The RV Value is about 50,000 indicated by the horizontal magenta line.
The blue curve is some data model, for instance one of our distributions below. The accumulated probability value at 50,000 is 0.1 or roughly 10% chance, but we also have to stipulate whether we are interested in less than or greater than.

In the figure shown, \(P(x <= 50,000)~ =~1.00~-~0.1~= 0.9~or~90\%\) and is a non-exceedence probability. In words we would state “The probability of observing a value less than or equal to 50,000 is 90%” the other side of the vertical line is the exceedence probability; in the figure \(P(x > 50,000)~=~0.1~or~10\%\). In words we would state “The probability of observing a value equal to or greater than 50,000 is 10%.” In risk analysis the sense of the probability is easily confusing, so when you can - make a plot. Another way to look at the situation is to simply realize that the blue curve is the quantile function \(F(X)\) with \(X\) plotted on the vertical axis, and \(F(X)\) plotted on the horizontal axis.

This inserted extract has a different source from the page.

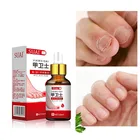 Эссенция для лечения грибковых инфекций у пальцев ног Paronychia, Масло для кутикулы ногтей, все для маникюра и ногтей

Now lets put these ideas to use. We will sample from the population of integers from 0 to 100, with replacement. Any single pull from the population is equally likely. Lets take 25 samples (about 1/4 of the total population - usually we dont know the size of the population).

import numpy

population = []
for i in range(0,101,1):
    population.append(i)
    
sample = numpy.random.choice(population,25)
# lets get some statistics
sample_mean = sample.mean()
sample_variance = sample.std()**2
# sort the sample in place!
sample.sort()
# built a relative frequency approximation to probability, assume each pick is equally likely
weibull_pp = []
for i in range(0,len(sample),1):
    weibull_pp.append((i+1)/(len(sample)+1))
# Now plot the sample values and plotting position
myfigure = matplotlib.pyplot.figure(figsize = (10,5)) # generate a object from the figure class, set aspect ratio

# Built the plot
matplotlib.pyplot.scatter(weibull_pp, sample, color ='blue') 
matplotlib.pyplot.plot(ycdf, x, color ='red') 
matplotlib.pyplot.ylabel("Value of RV") 
matplotlib.pyplot.xlabel("Density or Quantile Value") 
matplotlib.pyplot.title("Normal Distribution Data Model") 
matplotlib.pyplot.show() 
../../_images/lesson25_24_0.png

What a horrible plot, but lets now use the sample statistics to “fit” the data model (red) to the observations (blue). Notice we have already rotated the axes so this plot and ones that follow are structured like the “Exceedence” plot above.

# Fitted Model

mu = sample_mean
sigma = math.sqrt(sample_variance)

x = []
ycdf = []

xlow = 0
xhigh = 100
howMany = 100
xstep = (xhigh - xlow)/howMany

for i in range(0,howMany+1,1):
    x.append(xlow + i*xstep)
    yvalue = normdist(xlow + i*xstep,mu,sigma)
    ycdf.append(yvalue) 
# Now plot the sample values and plotting position
myfigure = matplotlib.pyplot.figure(figsize = (10,5)) # generate a object from the figure class, set aspect ratio

# Built the plot
matplotlib.pyplot.scatter(weibull_pp, sample,  color ='blue') 
matplotlib.pyplot.plot(ycdf, x,  color ='red') 
matplotlib.pyplot.ylabel("Value of RV") 
matplotlib.pyplot.xlabel("Quantile Value") 
mytitle = "Normal Distribution Data Model sample mean = : " + str(sample_mean)+ " sample variance =:" + str(sample_variance)
matplotlib.pyplot.title(mytitle) 
matplotlib.pyplot.show()
../../_images/lesson25_27_0.png
popmean = numpy.array(population).mean()
popvar = numpy.array(population).std()**2
# Fitted Model

mu = popmean
sigma = math.sqrt(popvar)

x = []
ycdf = []

xlow = 0
xhigh = 100
howMany = 100
xstep = (xhigh - xlow)/howMany

for i in range(0,howMany+1,1):
    x.append(xlow + i*xstep)
    yvalue = normdist(xlow + i*xstep,mu,sigma)
    ycdf.append(yvalue) 

    
# Now plot the sample values and plotting position
myfigure = matplotlib.pyplot.figure(figsize = (10,5)) # generate a object from the figure class, set aspect ratio

# Built the plot
matplotlib.pyplot.scatter(weibull_pp, sample, color ='blue') 
matplotlib.pyplot.plot(ycdf, x,  color ='red') 
matplotlib.pyplot.ylabel("Value of RV") 
matplotlib.pyplot.xlabel("Quantile Value") 
mytitle = "Normal Distribution Data Model Population mean = : " + str(popmean)+ " Population variance =:" + str(popvar)
matplotlib.pyplot.title(mytitle) 
matplotlib.pyplot.show()
../../_images/lesson25_28_0.png

Some observations are in order:

  • The population is a uniformly distributed collection.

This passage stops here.